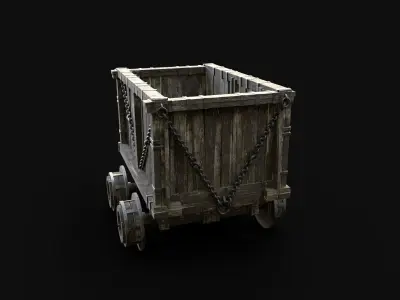 WAGON MINE QUARRY CAR CARGO COAL RAIL MINING TOOL Low-poly 3D model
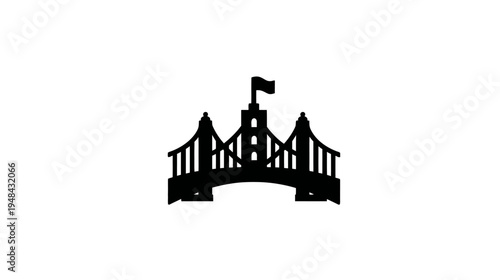 A silhouette of a bridge with a central tower and flag. The style is minimalist and graphic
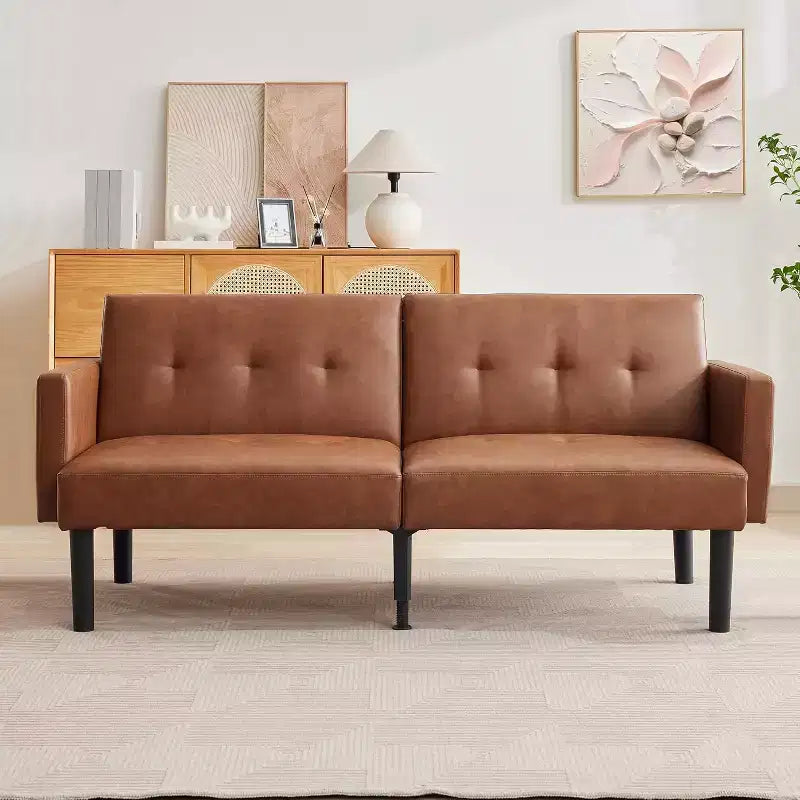3-Position Adjustable Futon Sofa Bed, Compact Loveseat, Modern Mid-Century Sleeper Sofa, Convertible Couch, Living Room Couches (Grey/Brown)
______________________________
The job is to set down the whole listing exactly, excluding any images.

 WAGON MINE QUARRY CAR CARGO COAL RAIL MINING TOOL Low-poly 3D model
 A silhouette of a bridge with a central tower and flag. The style is minimalist and graphic
3-Position Adjustable Futon Sofa Bed, Compact Loveseat, Modern Mid-Century Sleeper Sofa, Convertible Couch, Living Room Couches (Grey/Brown)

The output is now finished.